After a decade of steady recovery, the southern sea otter--a federally listed threatened species--is in decline for the second year in a row, according to the latest population survey by U.S. Geological Survey researchers.
"We have seen a decrease in sea otter numbers throughout most of their range, particularly in those areas where most of their reproduction occurs, while pup counts have dropped to 2003 levels," said Tim Tinker, lead scientist for the annual survey.
"A number of human and natural factors may be influencing this trend, and we are working to better understand what those are," said Tinker, an adjunct professor of ecology and evolutionary biology at UC Santa Cruz and research scientist with the USGS Western Ecological Research Center.
Population estimates are calculated as three-year averages of annual survey results, which compensate for variability in observation conditions and give scientists a more reliable picture of abundance trends. This year's estimate--averaging counts from 2010, 2009, and 2008--is 2,711 otters. This represents a 3.6 percent drop for the overall population and an 11 percent drop in the number of otter pups compared to 2009 estimates.
For southern sea otters to be considered for removal from threatened species listing, the overall population estimate would have to exceed 3,090 for three consecutive years. This is the threshold established under the Southern Sea Otter Recovery Plan by the U.S. Fish and Wildlife Service.
Researchers also saw the sea otter's geographic distribution shrink this year, with fewer animals at the northern and southern ends of their range, which is now from Pigeon Point to Gaviota State Park in California.
"Movements and clumping of male otters away from the range edges may partially explain this change," said USGS biologist Brian Hatfield, who organizes the otter survey. "And the low pup count might be linked to heavy storms and reduced kelp cover this past winter, since we also saw a record number of pups and juveniles that got stranded ashore."
As for the overall population decline, all indications point to elevated mortality.
"Our data suggest that breeding-age females are dying in higher than usual numbers from multiple causes, including infectious disease, toxin exposure, heart failure, malnutrition, and shark attacks," Tinker said.
Sea otters are active predators that rely on near-shore coastal waters. As a result, they are constantly exposed to many stressors, such as chemicals and pathogens from coastal water pollution, ingestion of toxin-contaminated prey, and reduced food abundance. Chronic exposure to multiple stressors could make otters more susceptible to illness and injury and lead to a greater chance of death.

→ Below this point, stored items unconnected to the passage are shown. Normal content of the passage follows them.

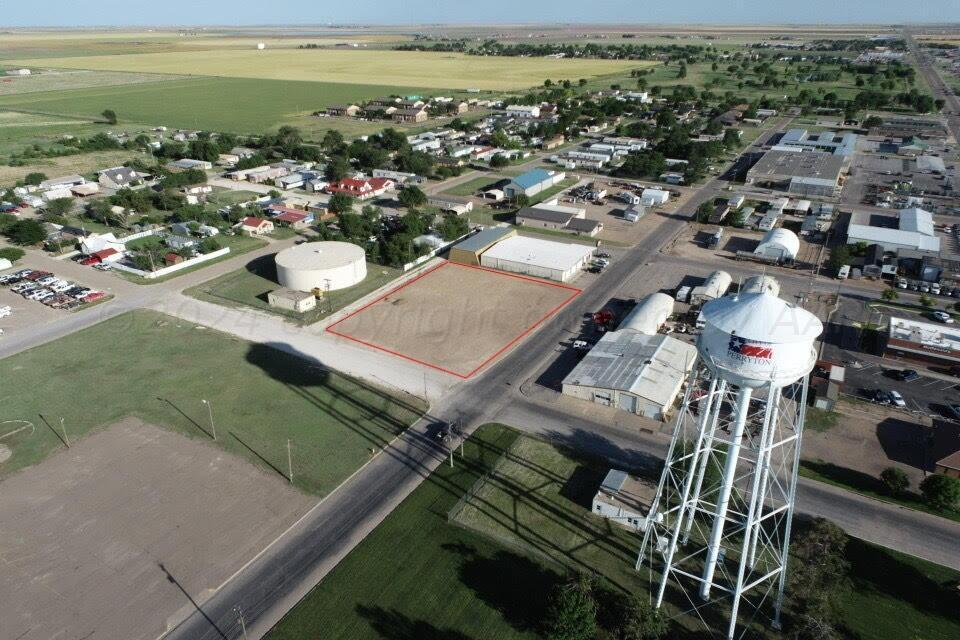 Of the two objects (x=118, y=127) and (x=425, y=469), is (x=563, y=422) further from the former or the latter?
(x=118, y=127)

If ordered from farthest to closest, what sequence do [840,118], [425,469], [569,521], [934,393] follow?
[840,118], [934,393], [425,469], [569,521]

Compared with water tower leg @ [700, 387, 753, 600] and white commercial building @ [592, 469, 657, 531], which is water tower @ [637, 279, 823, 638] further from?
white commercial building @ [592, 469, 657, 531]

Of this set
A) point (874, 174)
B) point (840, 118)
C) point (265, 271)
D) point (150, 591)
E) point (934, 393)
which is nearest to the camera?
point (150, 591)

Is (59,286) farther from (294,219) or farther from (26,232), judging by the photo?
(294,219)

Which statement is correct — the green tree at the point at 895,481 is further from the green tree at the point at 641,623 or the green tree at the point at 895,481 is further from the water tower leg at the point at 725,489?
the green tree at the point at 641,623

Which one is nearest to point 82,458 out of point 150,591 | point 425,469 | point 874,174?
point 150,591

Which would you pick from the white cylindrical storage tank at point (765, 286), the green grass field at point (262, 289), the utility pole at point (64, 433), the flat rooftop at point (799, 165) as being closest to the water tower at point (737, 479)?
the white cylindrical storage tank at point (765, 286)

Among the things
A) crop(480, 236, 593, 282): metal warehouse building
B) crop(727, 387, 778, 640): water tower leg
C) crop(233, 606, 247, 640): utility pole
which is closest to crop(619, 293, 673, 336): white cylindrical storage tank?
crop(480, 236, 593, 282): metal warehouse building

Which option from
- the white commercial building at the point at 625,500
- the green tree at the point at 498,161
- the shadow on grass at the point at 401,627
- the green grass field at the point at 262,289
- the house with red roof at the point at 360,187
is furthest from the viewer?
the green tree at the point at 498,161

"Recovery will clearly depend on our understanding the factors contributing to slow population growth in recent years and the current downturn," said Lilian Carswell, Southern Sea Otter Recovery Coordinator for the U.S. Fish and Wildlife Service. "Research is fundamental to recovery efforts because we need to understand which stressors are most strongly affecting survival rates in order to develop targeted measures to address them."

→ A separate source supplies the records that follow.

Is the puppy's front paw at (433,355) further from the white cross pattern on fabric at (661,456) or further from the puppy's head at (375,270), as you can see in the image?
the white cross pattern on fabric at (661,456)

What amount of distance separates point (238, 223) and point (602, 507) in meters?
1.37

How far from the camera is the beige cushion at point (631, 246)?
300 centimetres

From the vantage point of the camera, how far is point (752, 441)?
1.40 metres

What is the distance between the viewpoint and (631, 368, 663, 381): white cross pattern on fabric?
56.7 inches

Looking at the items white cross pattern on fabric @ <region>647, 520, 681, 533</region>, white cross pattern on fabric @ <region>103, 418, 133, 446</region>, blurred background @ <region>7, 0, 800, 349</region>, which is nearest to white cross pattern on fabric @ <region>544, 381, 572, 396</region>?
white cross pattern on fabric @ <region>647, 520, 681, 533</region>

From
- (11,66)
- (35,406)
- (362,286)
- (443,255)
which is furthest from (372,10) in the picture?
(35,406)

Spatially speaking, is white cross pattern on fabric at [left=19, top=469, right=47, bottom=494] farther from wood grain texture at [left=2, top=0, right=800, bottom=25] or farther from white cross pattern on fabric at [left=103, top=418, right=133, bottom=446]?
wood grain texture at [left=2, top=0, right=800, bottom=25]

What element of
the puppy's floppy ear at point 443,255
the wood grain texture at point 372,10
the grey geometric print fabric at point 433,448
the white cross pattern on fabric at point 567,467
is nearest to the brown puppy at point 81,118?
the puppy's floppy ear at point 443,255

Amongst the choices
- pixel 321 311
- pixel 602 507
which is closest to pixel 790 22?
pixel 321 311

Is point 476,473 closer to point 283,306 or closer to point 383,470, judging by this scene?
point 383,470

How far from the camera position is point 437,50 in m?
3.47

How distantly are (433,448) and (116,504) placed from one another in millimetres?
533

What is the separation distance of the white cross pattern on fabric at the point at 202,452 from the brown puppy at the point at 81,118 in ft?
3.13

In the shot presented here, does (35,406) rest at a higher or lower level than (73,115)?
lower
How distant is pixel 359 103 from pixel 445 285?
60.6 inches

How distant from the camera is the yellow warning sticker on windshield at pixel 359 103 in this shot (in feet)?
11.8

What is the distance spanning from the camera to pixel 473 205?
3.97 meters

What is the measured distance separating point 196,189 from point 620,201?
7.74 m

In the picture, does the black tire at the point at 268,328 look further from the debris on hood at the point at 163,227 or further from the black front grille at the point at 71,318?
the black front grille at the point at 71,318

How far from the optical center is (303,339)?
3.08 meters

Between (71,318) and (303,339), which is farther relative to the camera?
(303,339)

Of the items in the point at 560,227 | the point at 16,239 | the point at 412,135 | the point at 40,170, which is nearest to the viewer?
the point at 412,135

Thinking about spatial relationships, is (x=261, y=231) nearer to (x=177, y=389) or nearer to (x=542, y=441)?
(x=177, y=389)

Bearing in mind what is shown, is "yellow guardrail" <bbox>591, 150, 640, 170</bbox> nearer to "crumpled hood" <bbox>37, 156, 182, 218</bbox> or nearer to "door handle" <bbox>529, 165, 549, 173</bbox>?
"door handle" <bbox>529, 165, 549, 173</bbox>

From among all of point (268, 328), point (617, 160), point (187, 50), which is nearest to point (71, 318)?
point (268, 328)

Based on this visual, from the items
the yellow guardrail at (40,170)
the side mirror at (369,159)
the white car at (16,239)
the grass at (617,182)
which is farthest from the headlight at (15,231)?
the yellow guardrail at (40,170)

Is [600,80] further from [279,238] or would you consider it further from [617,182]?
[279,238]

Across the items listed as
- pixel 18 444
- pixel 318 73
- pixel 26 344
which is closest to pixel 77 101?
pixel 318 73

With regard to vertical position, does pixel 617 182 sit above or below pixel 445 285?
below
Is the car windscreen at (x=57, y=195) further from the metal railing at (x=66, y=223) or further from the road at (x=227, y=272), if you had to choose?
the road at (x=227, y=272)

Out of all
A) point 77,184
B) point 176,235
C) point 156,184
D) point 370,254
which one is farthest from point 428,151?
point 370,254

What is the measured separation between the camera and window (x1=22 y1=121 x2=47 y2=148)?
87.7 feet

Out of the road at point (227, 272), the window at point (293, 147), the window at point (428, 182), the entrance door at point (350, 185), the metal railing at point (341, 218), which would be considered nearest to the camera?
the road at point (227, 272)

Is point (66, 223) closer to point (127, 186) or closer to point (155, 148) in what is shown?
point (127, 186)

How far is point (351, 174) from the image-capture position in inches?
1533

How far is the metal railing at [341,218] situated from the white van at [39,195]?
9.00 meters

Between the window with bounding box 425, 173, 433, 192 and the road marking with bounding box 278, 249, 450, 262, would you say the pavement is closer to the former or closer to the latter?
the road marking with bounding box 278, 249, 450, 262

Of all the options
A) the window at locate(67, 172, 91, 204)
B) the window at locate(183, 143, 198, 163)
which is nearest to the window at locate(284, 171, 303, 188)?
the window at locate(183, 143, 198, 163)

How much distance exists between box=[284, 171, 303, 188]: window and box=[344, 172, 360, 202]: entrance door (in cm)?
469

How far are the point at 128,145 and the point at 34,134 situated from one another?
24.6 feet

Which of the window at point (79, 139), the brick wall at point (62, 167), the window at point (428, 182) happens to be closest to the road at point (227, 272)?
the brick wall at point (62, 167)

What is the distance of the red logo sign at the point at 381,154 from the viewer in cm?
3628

To help untangle this complex puzzle of stressor effects and interactions, Tinker is leading a study to compare sea otter health between areas with different types and severity of stressors, to find out which area has healthier otters and why.
"Remember, sea otter health can tell us a lot about the health of the coastal waters that humans also enjoy, so we're eager to learn more," Tinker said.
The survey was conducted during the month of May from Point San Pedro in San Mateo County down to the Santa Barbara/Ventura County line. The survey has been conducted annually since 1985 and is a cooperative effort of the USGS Western Ecological Research Center; the California Department of Fish and Game's Marine Wildlife Veterinary Care and Research Center; Monterey Bay Aquarium; University of California, Santa Cruz; and many experienced and dedicated volunteers. Assistance also comes from staff of the U.S. Fish and Wildlife Service and the Bureau of Ocean Energy Management.